Begged, borrowed or first out of the box, it’s all good.
Given some of the trends that were front and centre in the Oilers final three pre-season games—not enough shots and getting schooled on the face-off dot—hiking off to Jasper for three days of “team bonding” isn’t a real easy sell with hardcore fans right now, is it?
“We’re not going on vacation,” captain Ethan Moreau said today when I asked about the timing of the trek. “We’re going to practise hard.
“When we’re there, it’s all we’re going to think about. We’re going to be going over systems play and working on the ice, doing things that are going to make us better. We need to work on those things and we will.”
Certainly they will. I have no, ahem, doubt it’ll be Bag Skate City in Jasper, just like it was the last time the team went five years ago. I mean, if the Oilers work half as hard as the reporters do on trips likes this, who cares if it LOOKS like nothing more than a cushy three days of slacking off?
If I can make it there…
When the Oilers packed for Jasper in 2003, I made the three-hour trip with Rod Phillips and it was the most relaxing drive—even with keeping one eye on the Skipper to make sure didn’t nod off at the wheel and take us into the rhubarb—I’ve ever had.
Until that day, I can’t say I’d had an appreciation for Frank Sinatra, but as Phillips and I hit the road he plugged in Sinatra’s Greatest hits and we hauled backside down the Yellowhead tapping our toes and smoking cigars to “New York, New York” and “Mack The Knife.”
It’s not the kind of stuff to get you jacked up before a tilt with the Flames and you won’t find it in the Oilers pre-game boom-box play list, but “My Way” worked for me. Maybe I’m just old.
Can we play through?
During our stay, the Oilers teed it up at the Jasper Park Lodge course and let the travelling media play.
Our foursome was Phillips, media man JJ Hebert, goaltender Steve Valiquette and myself. Three or four holes in, we were standing on the tee box looking down the fairway and a bull moose almost as big as Steve MacIntyre is looking back at us—it was rutting season, so maybe he liked what he saw.
He looked to be 300 yards or so out, so we figured it was safe to hit, at least for Hebert and Phillips. Valiquette, the best golfer in the group, scalded one down the pipe about 280 and it rolls up toward the horny-and-now-irritated beast. Hmm. Play it or take a drop?
Valiquette figured he’d play it, but the moose, who’d obviously been waiting around for the ladies awhile because he was standing in a pile of moose poop and reeked of Aqua Velva, wasn’t going anywhere.
As we approached, Bullwinkle turned his head, snorted and took a step toward us. I’m sure Valiquette has moved that fast, but I never have. We detoured and took a drop.

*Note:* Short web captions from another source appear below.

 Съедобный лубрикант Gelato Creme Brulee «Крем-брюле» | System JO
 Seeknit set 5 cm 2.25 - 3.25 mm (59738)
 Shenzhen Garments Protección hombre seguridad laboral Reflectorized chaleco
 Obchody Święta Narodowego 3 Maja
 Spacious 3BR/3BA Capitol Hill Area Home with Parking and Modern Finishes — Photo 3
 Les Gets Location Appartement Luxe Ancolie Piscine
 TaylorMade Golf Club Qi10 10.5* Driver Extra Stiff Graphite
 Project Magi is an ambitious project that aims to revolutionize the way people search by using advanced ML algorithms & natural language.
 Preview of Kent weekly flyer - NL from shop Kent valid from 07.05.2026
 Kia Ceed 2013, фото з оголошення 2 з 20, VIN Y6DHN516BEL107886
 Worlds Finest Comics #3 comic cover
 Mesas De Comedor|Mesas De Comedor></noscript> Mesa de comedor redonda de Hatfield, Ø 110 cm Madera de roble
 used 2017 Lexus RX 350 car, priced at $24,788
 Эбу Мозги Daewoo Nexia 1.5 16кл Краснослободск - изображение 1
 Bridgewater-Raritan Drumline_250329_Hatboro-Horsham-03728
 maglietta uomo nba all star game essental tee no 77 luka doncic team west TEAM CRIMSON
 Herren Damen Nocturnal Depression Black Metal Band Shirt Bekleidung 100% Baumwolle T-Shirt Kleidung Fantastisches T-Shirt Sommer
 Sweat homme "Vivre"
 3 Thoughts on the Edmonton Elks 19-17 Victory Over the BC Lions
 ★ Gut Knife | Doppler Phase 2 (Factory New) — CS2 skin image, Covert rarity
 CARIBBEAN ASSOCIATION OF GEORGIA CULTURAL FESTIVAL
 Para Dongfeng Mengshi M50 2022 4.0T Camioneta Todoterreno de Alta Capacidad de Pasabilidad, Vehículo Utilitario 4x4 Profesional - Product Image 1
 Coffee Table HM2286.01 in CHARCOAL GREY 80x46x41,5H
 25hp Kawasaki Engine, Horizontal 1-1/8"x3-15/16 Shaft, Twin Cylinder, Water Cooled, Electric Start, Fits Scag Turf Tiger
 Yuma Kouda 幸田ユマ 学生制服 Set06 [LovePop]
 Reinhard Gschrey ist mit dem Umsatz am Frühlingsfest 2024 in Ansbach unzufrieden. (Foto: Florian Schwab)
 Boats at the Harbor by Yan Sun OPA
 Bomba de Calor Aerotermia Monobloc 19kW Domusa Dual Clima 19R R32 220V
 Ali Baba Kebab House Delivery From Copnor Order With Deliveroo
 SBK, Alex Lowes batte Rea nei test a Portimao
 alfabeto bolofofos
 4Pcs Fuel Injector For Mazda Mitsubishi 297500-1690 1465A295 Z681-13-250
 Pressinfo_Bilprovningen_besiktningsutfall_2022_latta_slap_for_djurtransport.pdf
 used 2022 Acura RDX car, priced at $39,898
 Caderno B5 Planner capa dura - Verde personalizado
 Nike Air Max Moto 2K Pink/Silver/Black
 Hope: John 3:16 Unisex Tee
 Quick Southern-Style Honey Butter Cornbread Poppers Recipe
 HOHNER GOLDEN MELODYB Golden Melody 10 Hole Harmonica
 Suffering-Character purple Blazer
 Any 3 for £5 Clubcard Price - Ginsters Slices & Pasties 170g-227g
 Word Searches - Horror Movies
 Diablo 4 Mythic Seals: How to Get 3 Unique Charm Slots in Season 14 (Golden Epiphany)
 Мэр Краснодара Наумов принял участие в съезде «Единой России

- There’s no tougher gig than the one MacIntyre has, especially with the kind of money players like him make in the low minors, so it’s good to see him get a two-year deal from the Oilers worth $525,000 this season and $550,000 next year. Even at the bottom of the NHL pay scale, the big bruiser from Brock, Sask. will make 10 times more than he ever has if he spends the whole season on the Oilers roster.
- With the Oilers unveiling their retro jerseys after Tuesday’s morning skate, nobody looked sharper than Dwayne Roloson. Not only did he have the jersey, he had Grant Fuhr down pat—mask, complete with circa 1983 paint job, orange blocker and white, orange and blue leg pads.
- Call me nuts, but I’m picking Andrew Cogliano to outscore Sam Gagner in goals and points this season, even though there’s no way he’ll replicate his shooting percentage of last season.